Bug 反馈
集群个别服务器节点故障恢复等情况下,PD或TIKV的PVC与PV绑定错误,导致PD或TIKV一直pending,无法启动。
【 TiDB 版本】 6.5.8
【 Bug 的影响】 出现此故障后集群部分节点不可用
【可能的问题复现步骤】
1、集群运行过程中个别服务器节点故障离线或网络故障,运维修复后节点重新上线。
2、集群运行一段时间,个别服务器节点物理损坏,新加入新节点。
【看到的非预期行为】 故障节点对应的PV绑定了错误的PVC,猜测为TiOperator对PVC做了操作,导致原来的PVC被删除,但是PV又没有正确释放,仍然处于released状态;而新的PVC没有办法绑定,导致对应的POD一直pending。该情况出现在PD和TIKV;常见的其他三方开源的组件,同样使用statefulset部署,仅依赖K8S管理,却没有这个问题。
【期望看到的行为】 根据对其他三方开源组件的使用判断,TiOperator不用对PVC做任何操作,保持绑定,就不会出现绑定错乱。

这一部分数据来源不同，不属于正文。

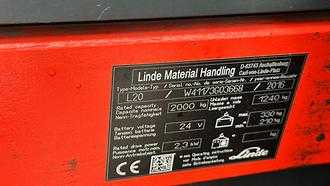 Használt targonca LINDE L 20  ELEKTRO HOCHHUBWAGENDEICHSEL (13075021)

【相关组件及具体版本】 TiOperator 1.4、1.5
【其他背景信息或者截图】
node-1:/ # kubectl get pv -n namespace | grep pd
pv-local-tidb-pd-namespace-node-1 1Gi RWO Retain Bound namespace/pd-basic-pd-2 tidb-pd-storage-namespace 30h
pv-local-tidb-pd-namespace-node-2 1Gi RWO Retain Bound namespace/pd-basic-pd-1 tidb-pd-storage-namespace 30h
pv-local-tidb-pd-namespace-node-3 1Gi RWO Retain Released namespace/pd-basic-pd-0 tidb-pd-storage-namespace 30h
node-1:/ # kubectl get pvc -n namespace | grep pd
pd-basic-pd-0 Pending tidb-pd-storage-namespace 29h
pd-basic-pd-1 Bound pv-local-tidb-pd-namespace-node-2 1Gi RWO tidb-pd-storage-namespace 30h
pd-basic-pd-2 Bound pv-local-tidb-pd-namespace-node-1 1Gi RWO tidb-pd-storage-namespace 30h
pd-basic-pd-3 Pending tidb-pd-storage-namespace 29h
node-1:/ # kubectl describe pv -n namespace pv-local-tidb-pd-namespace-node-3
Name: pv-local-tidb-pd-namespace-node-3
Labels: app.kubernetes.io/component=pd
app.kubernetes.io/instance=basic
app.kubernetes.io/managed-by=tidb-operator
app.kubernetes.io/name=tidb-cluster
app.kubernetes.io/namespace=namespace
ns=namespace
tidb.pingcap.com/cluster-id=7413947050473649857
tidb.pingcap.com/member-id=14365345130030816002
Annotations: pv.kubernetes.io/bound-by-controller: yes
tidb.pingcap.com/pod-name: basic-pd-0
Finalizers: [kubernetes.io/pv-protection]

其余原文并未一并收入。